Go to the line holding "Size: 3000x3000 |" in the data below. Return it and each line after it through the last, exactly, and skip the pictures.

=-=-=

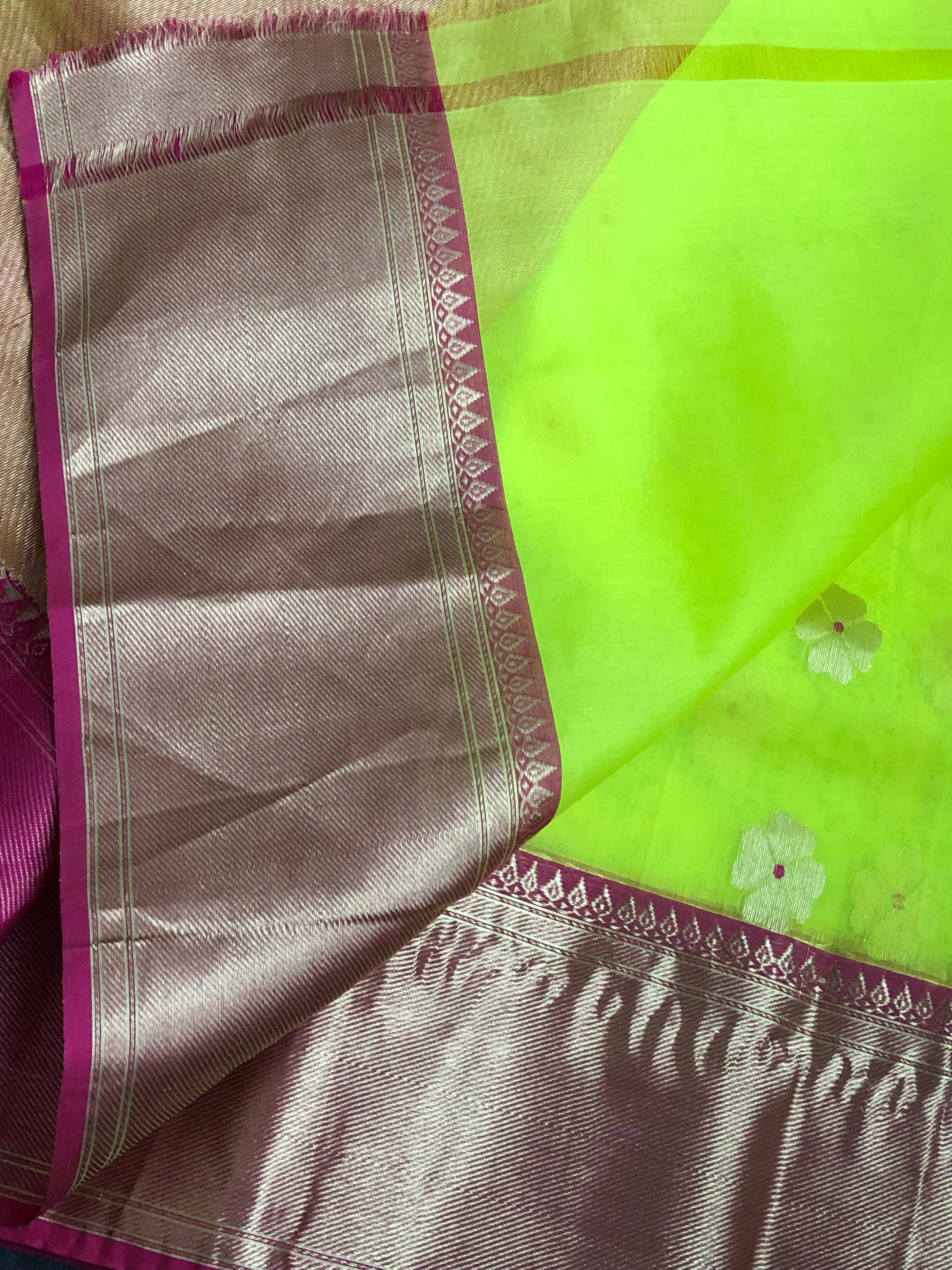 Chanderi Organza Silk - Neon Green Magenta Meenakari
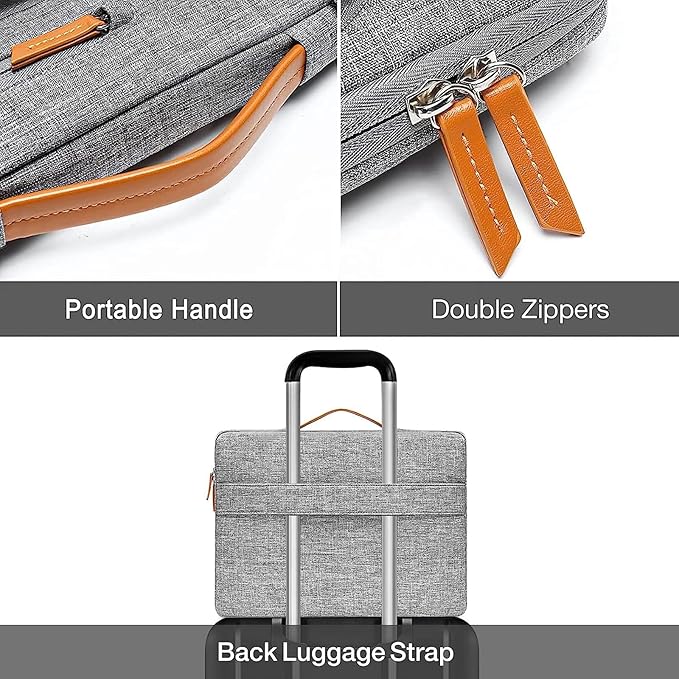 MOSISO 360 Protective Laptop Case 13.3 inch, 13-13.3 inch Laptop Sleeve Compatible with MacBook Air/Pro 13 / Pro 14,HP Dell Acer ASUS,Side Open Carrying Case with 4 Zipper Pockets&Handle, Gray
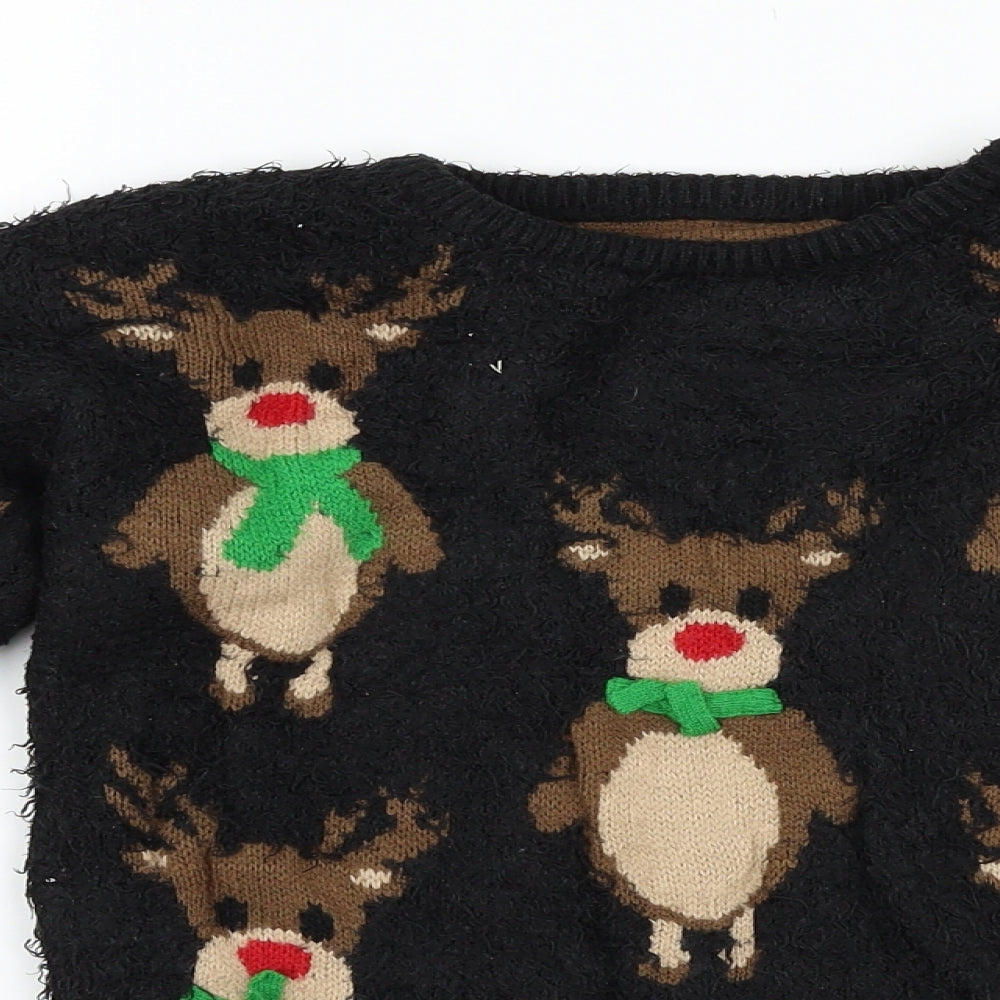 Nutmeg Girls Blue   Pullover Jumper Size 12-13 Years  - Raindeer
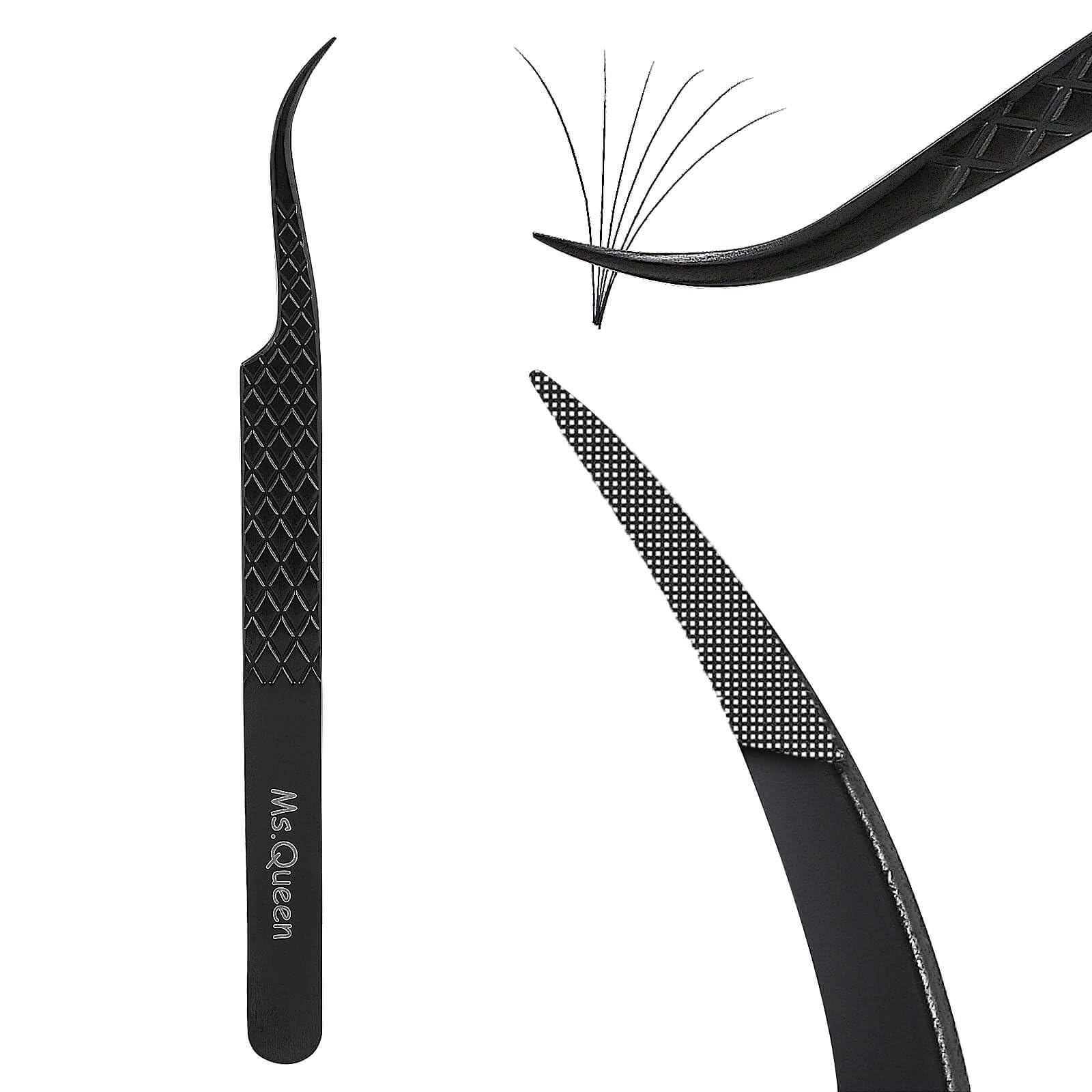 Ms.Queen Eyelash Extension Tweezers,Microfiber Tip Curved Lash Tweezers for Volume, Isolation& Classic Lashes Extensions,Black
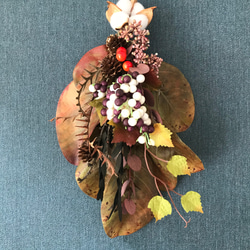 【早割中！】マグノリアと秋色木の実のハロウィンスワッグ★アースカラーで大人可愛い✴︎シック 5枚目の画像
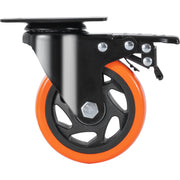 Caster Wheels, 101.6 mm Swivel Plate Casters, Set of 4, with Security A/B Locking No Noise PVC Wheels, Heavy V952-PBJLCSJAZ4J3LNWL1V0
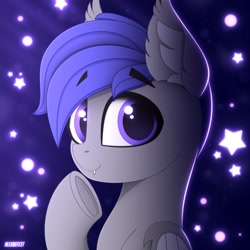 Size: 3000x3000 | Tagged: safe, artist:alexbefest, imported from derpibooru, oc, oc only, bat pony, pony, bat pony oc, bat wings, bust, ear fluff, eyebrows, eyebrows visible through hair, purple background, purple eyes, simple background, solo, wings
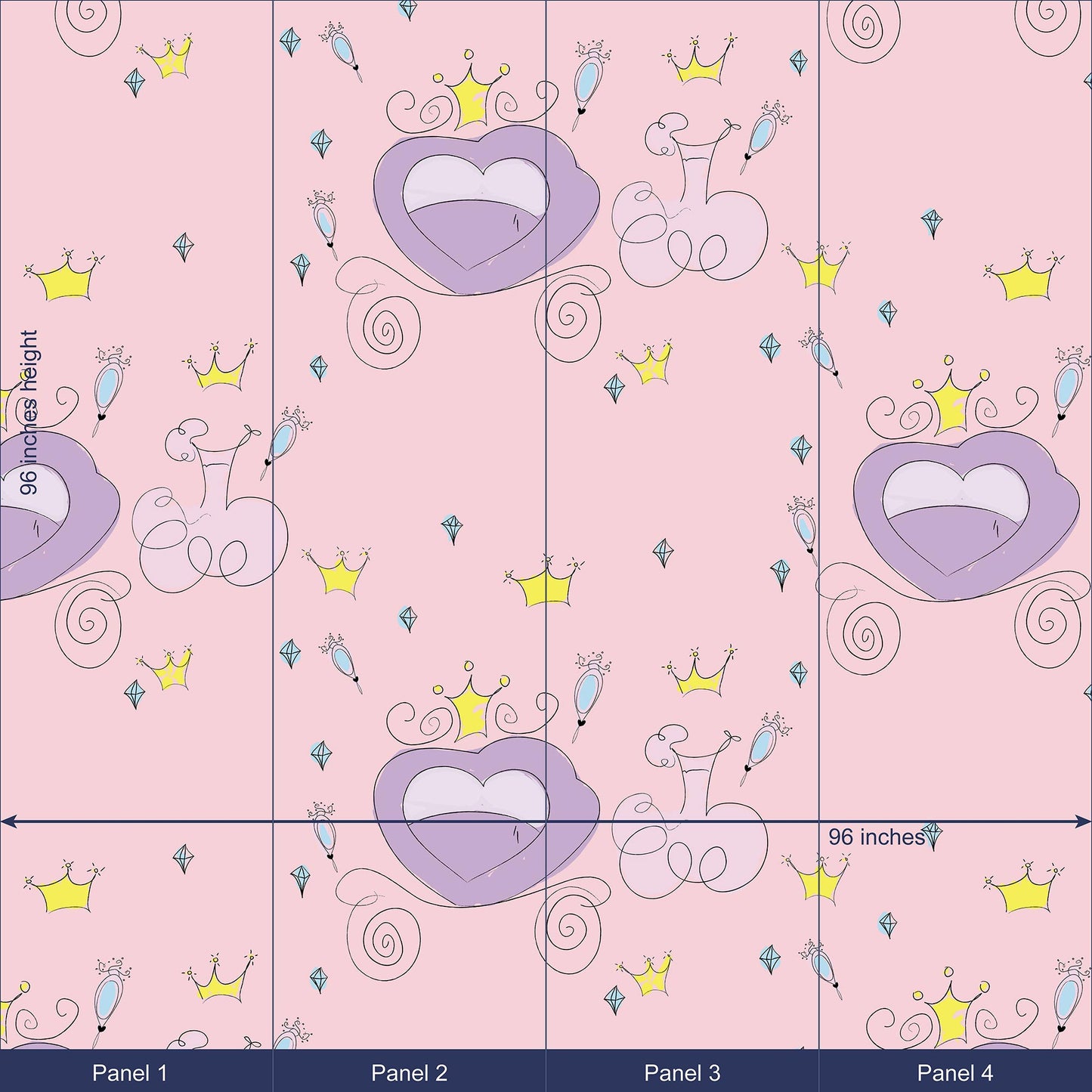 Princess Mural, Nursery Wallpaper, Pink Mural, Girl Room, Kid room, Kid Mural, Kid Wallpaper, Unique Mural, Princess Wallpaper-N147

=-=-=

Exercise result —
 Size: 3000x3000 | Tagged: safe, artist:alexbefest, imported from derpibooru, oc, oc only, bat pony, pony, bat pony oc, bat wings, bust, ear fluff, eyebrows, eyebrows visible through hair, purple background, purple eyes, simple background, solo, wings
 Princess Mural, Nursery Wallpaper, Pink Mural, Girl Room, Kid room, Kid Mural, Kid Wallpaper, Unique Mural, Princess Wallpaper-N147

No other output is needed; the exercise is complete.